At this point, your product development flow using Terraform modules should look like the diagram below:
We’ve reached a significant milestone and are much closer to increasing our knowledge of a minimal viable product. What closes this knowledge gap is identifying the correct consumption patterns. There are three components to think about when developing a product (Terraform module):
Functional vs non-functional
Product vs service
Interactive vs non-interactive
It’s sufficient to say we’re all aligned on the functional requirements. I’ll use an SQL instance as a product as the example, where the functional requirement is to stand up a SQL instance.
Non-functional requirements are broad in scope, but we follow the principles defined earlier, only scope in the minimum required to get the functional product consumed in the right environment. We will also put the non-functional requirements into question, i.e. hypotheses, non-functional hypotheses.
The list of hypotheses will apply to the context factor, and the following may come into scope at the appropriate stage of development:
Security (various levels)
Reliability and Availability
Maintainability and Manageability
The non-functionals are considered part of the composite product, not the product itself. Therefore, in isolation, it can be viewed as a service, depending on the deployment of it. For example, setting up a dynamic secrets management process for the given product requires an API call to a central system like HashiCorp Vault - then this is a service.
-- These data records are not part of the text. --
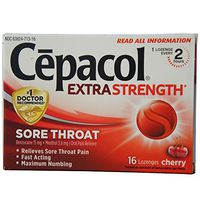 Cepacol Maximum Strength Throat Drop Lozenges, Cherry, 16 ct(Pack of 2)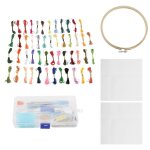 Accueil artisanat point de croix diy tricot couture bambou cerceaux kit d'outils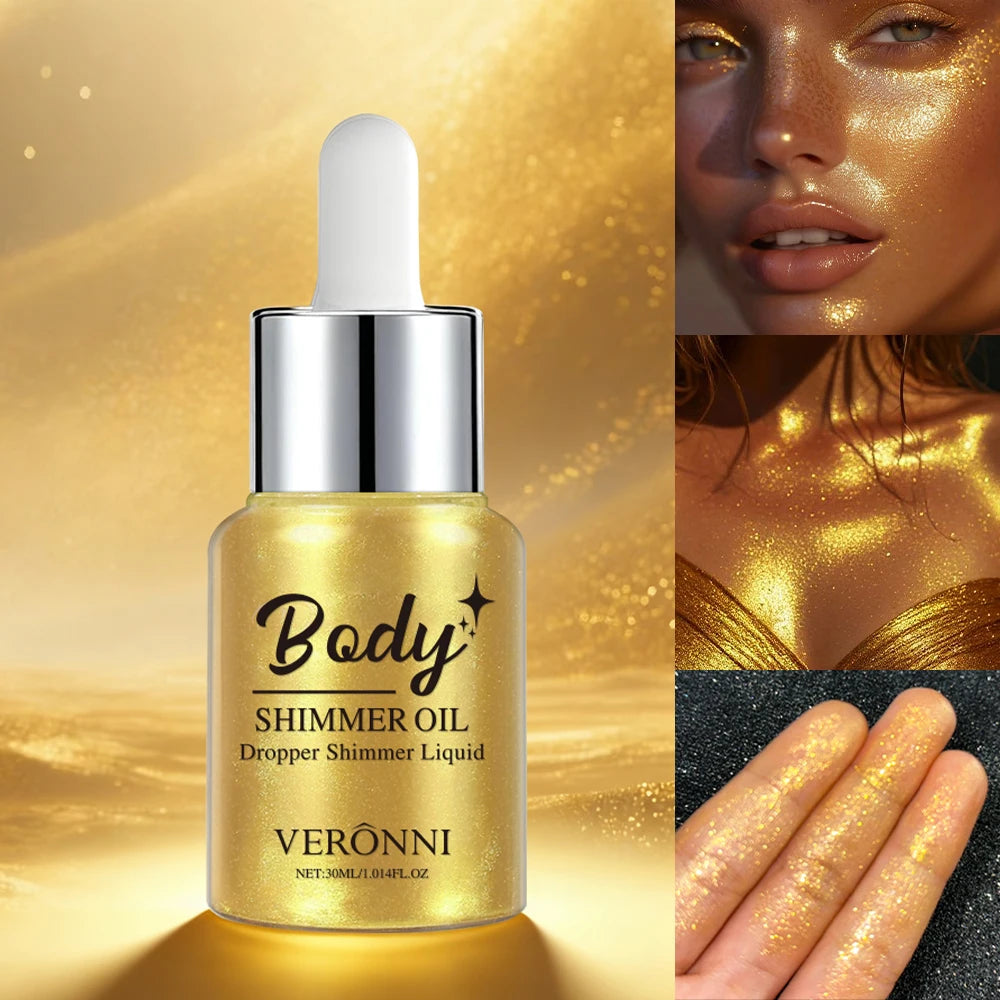 Liquid Shimmer Body and Face Highlighter - 9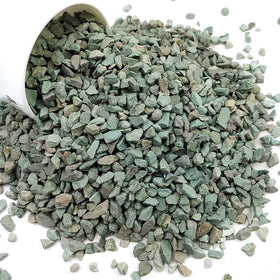 YISZM green zeolite rocks base add stability for succulents and cacti.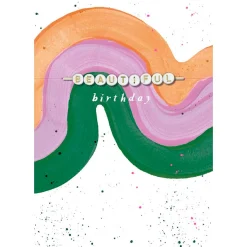 Hotchpotch Cute Birthday Card With Detachable 'Swiftie'- Inspired Bracelet Spelling Out 'Beautiful'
Since the principal consumption point is the SQL instance (example), we should minimise the target interactive pattern to just that - deployment of SQL instance. Whilst the rest of the non-functionals and services remain non-interactive.
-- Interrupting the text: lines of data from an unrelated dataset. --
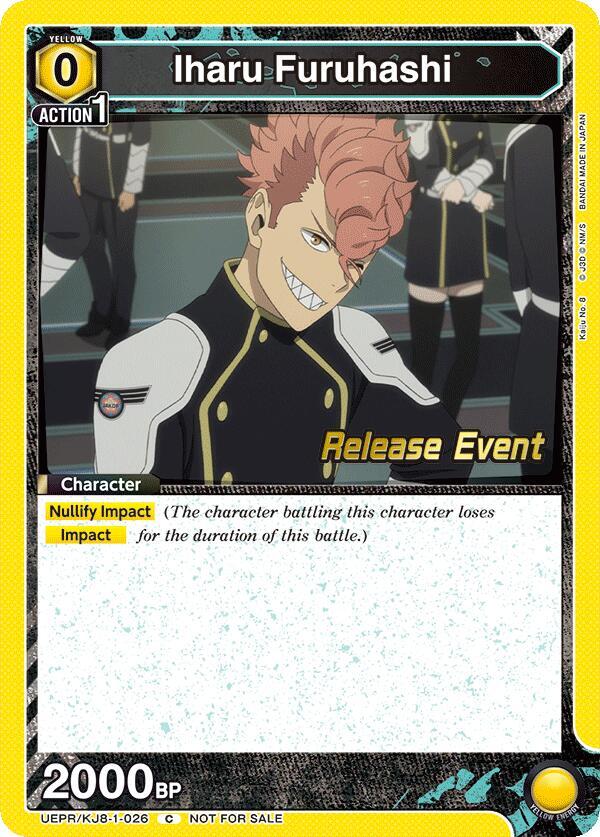 Iharu Furuhashi UEPR/KJ8-1-026 card from UE12BT: Kaiju No. 8 Release Event Cards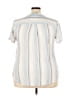 Torrid Silver Blue Short Sleeve Blouse Size 2X Plus (2) - photo 2
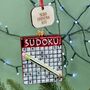 Personalised Sudoku Bauble, thumbnail 1 of 4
Making a (non-interactive) service part of the composite product incorporates a value-add, providing an experience of a managed product whilst contributing to minimising the cognitive load of the respective developer.
Following this principle of non-interactive consumption patterns, the countermeasures identified as part of the threat model should be incorporated into (or context of) the composite product as non-interactive, providing a streamlined developer experience.
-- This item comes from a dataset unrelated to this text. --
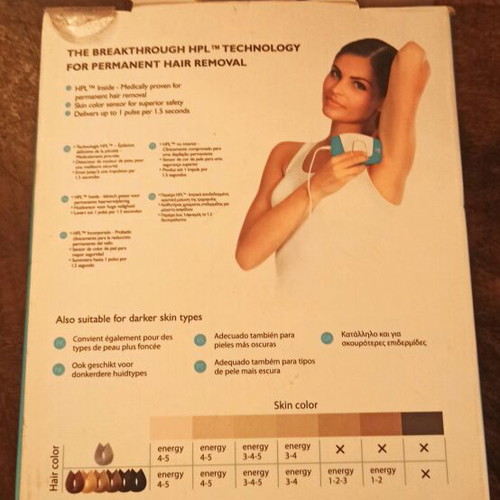 Hair removal device like new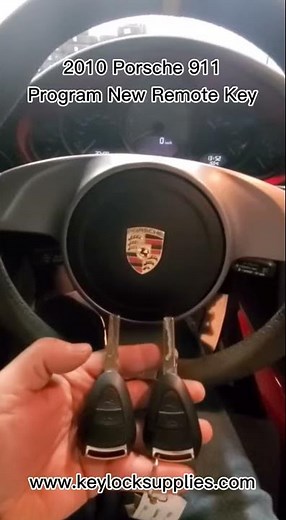 2010 Porsche 911 Program New key.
When aggregating all the non-functionals into a single product composite, you end up with a product looking like the below:
At this crossroads, many enterprises begin to think about scaling this practice. It becomes clear that a set of guiding principles must be in front of the team to steer towards the target product manifestation. I work with leaders who realise a new constraint presents itself - how do you scale the workflow that ultimately creates a product with the correct consumption pattern in mind?
I work with organisations to set up a product portfolio practice that guides and coaches product owners and associates to embed guiding principles into their product development strategy.
The diagram below suggests a view of how this practice would look like:
In my experience, the emphasis on standing up a practice like a product portfolio dawned when the first opinionated MVP was pushed out for release. When non-functional requirements mature, the possibility of aggregating multiple operational disciplines into a single product is realised.
This manifestation becomes very powerful. It proves how some of these traditionally pursued non-functionals as their org-wide workstream have been successfully realised in a single product composite.
The very definition of product versus managed service drives the pursuit of aggregating multiple operational disciplines into a single product composite—the realisation of establishing a shared responsibility model for each product published in the product catalogue.
The flow to establish a product catalogue, not a service catalogue.